TASK DESCRIPTION: Exactly as they appear, retype the lines from the one containing "Pollini Sandali Flat" through the final line of the data below. Leave pictures out.

DATA SHOWN:
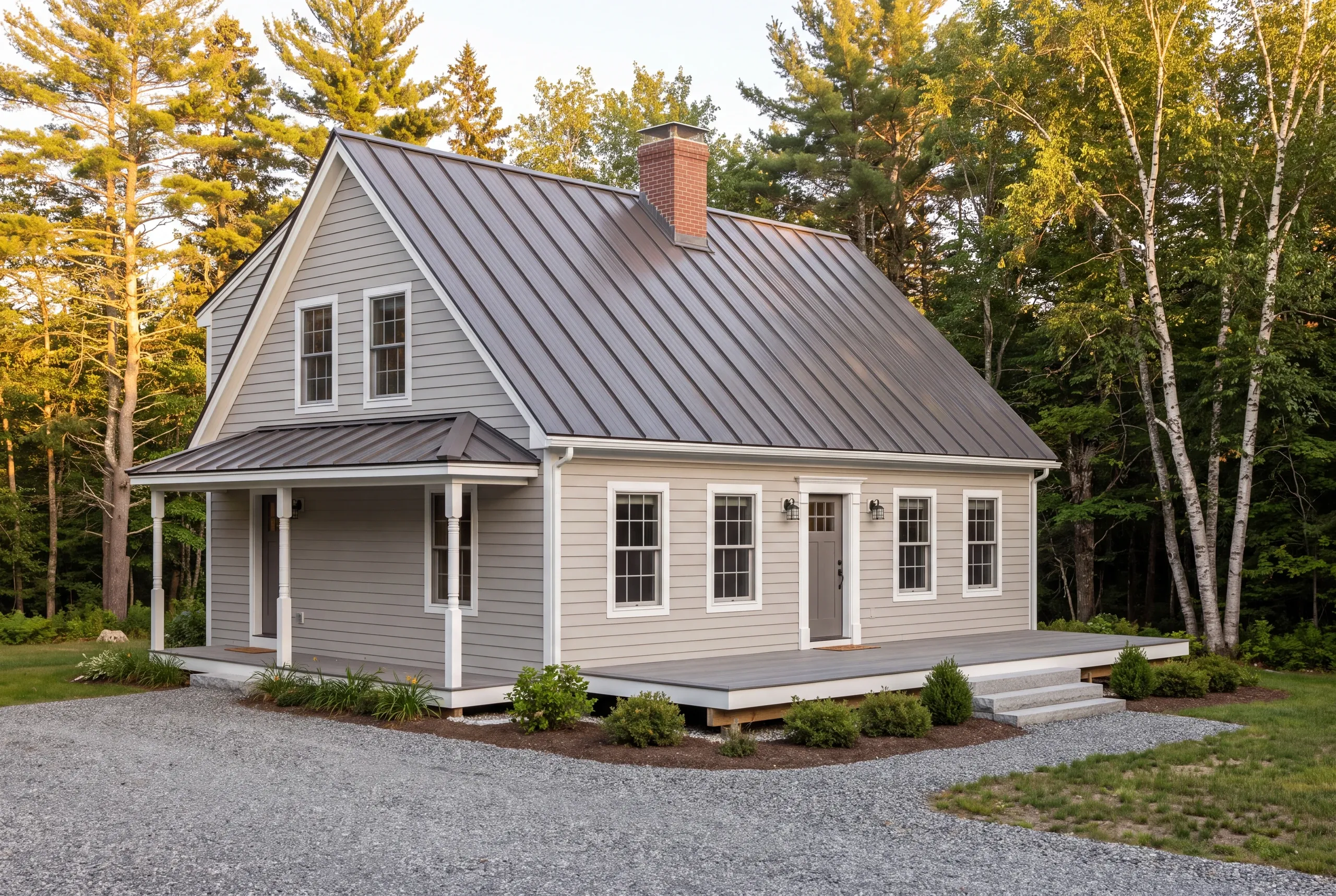 Cost to replace siding in MidCoast Maine: cape in light gray lap siding with a standing seam roof, covered porch and low front deck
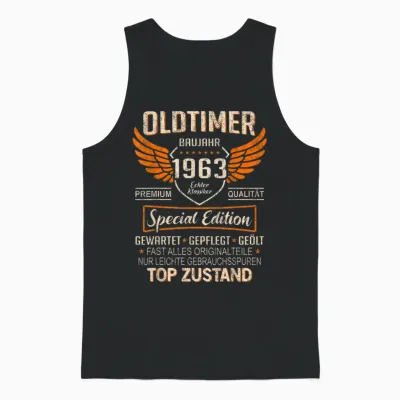 Oldtimer Year 1963 Born Vintage 1963 Birthday T-Shirt, Black Unisex Tank Top - Black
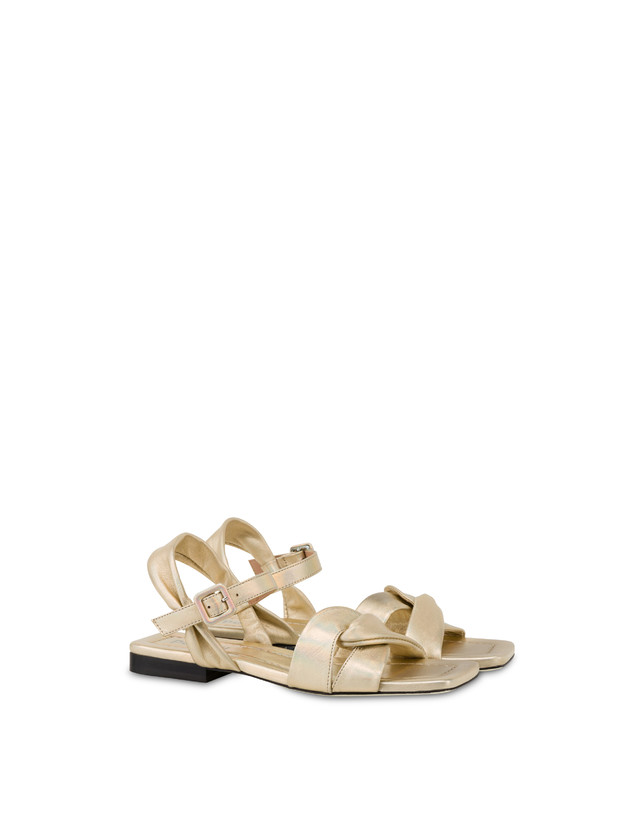 Pollini Sandali Flat In Nappa Laminata Oasis Sabbia Prezzo Ridotto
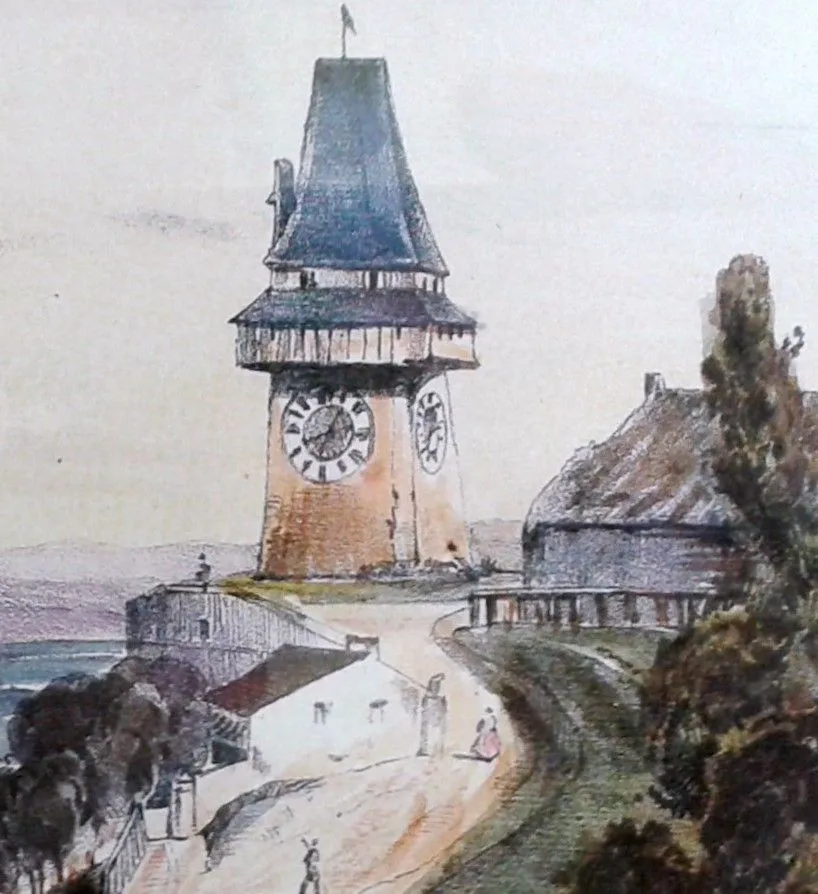 Bild 5: Helles Gasthaus, steinerner Hund und Uhrturm (Kaiser, um 1845, StLA)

ANSWER AREA:
 Pollini Sandali Flat In Nappa Laminata Oasis Sabbia Prezzo Ridotto
 Bild 5: Helles Gasthaus, steinerner Hund und Uhrturm (Kaiser, um 1845, StLA)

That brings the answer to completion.